▸ Data
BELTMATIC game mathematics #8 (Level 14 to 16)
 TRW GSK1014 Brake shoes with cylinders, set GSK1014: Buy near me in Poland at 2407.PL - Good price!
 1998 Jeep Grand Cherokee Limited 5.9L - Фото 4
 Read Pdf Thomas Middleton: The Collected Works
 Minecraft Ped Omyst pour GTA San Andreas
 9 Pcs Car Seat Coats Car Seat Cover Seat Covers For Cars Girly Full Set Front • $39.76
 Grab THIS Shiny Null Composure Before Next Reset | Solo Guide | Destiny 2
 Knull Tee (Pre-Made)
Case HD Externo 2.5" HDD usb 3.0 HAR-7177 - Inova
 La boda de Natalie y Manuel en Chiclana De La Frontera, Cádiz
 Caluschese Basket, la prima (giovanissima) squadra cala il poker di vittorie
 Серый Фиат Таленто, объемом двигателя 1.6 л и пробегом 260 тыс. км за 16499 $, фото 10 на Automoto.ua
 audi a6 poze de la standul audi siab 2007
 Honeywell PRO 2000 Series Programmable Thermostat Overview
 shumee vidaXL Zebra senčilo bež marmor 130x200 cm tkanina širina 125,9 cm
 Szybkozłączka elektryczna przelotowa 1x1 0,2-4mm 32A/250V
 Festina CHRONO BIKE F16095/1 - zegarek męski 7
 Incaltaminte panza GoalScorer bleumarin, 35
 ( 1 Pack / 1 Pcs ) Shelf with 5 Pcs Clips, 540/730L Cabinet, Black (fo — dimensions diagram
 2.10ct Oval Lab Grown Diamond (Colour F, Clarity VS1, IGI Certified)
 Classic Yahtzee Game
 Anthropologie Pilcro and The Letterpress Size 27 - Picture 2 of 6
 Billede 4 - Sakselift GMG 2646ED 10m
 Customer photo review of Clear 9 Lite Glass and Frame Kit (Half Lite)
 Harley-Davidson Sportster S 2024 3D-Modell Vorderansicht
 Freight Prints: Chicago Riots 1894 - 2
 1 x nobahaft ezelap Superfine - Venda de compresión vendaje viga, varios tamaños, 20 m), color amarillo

▸ Exercise brief
If a line of the material contains the word "with", pick it out and copy it.

▸ Exercise result
 TRW GSK1014 Brake shoes with cylinders, set GSK1014: Buy near me in Poland at 2407.PL - Good price!
 ( 1 Pack / 1 Pcs ) Shelf with 5 Pcs Clips, 540/730L Cabinet, Black (fo — dimensions diagram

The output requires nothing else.